- [TRY IT]
Which lines of the records contain the word "Beach"? Copy each one.

- [EXTRACTED MATERIAL]
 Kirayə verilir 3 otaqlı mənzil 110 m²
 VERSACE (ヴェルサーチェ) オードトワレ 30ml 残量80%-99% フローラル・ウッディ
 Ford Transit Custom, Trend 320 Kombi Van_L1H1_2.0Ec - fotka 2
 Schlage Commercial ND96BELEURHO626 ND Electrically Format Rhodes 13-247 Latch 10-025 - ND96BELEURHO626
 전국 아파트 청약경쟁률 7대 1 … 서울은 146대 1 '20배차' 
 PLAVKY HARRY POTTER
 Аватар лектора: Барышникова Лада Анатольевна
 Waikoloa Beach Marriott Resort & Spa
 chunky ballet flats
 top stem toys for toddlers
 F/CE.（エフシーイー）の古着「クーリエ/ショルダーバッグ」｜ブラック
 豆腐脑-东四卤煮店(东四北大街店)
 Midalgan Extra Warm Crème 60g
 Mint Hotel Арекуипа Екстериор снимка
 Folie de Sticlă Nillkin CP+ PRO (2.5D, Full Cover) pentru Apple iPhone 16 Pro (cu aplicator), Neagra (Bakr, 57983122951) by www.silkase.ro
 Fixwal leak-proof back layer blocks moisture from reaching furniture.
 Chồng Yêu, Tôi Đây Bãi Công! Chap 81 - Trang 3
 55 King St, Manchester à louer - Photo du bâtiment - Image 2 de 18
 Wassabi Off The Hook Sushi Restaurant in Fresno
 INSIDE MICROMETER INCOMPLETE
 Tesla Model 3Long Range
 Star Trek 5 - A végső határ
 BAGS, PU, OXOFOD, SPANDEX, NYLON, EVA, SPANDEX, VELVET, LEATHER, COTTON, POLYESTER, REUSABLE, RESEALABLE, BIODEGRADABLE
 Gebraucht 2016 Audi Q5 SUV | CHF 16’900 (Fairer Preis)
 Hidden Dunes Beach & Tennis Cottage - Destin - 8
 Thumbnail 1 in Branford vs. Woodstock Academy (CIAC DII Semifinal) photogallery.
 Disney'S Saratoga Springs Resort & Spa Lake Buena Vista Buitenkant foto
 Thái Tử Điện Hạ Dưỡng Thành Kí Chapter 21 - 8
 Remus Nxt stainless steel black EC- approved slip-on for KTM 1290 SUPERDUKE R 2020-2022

- [EXERCISE SOLUTION]
 Waikoloa Beach Marriott Resort & Spa
 Hidden Dunes Beach & Tennis Cottage - Destin - 8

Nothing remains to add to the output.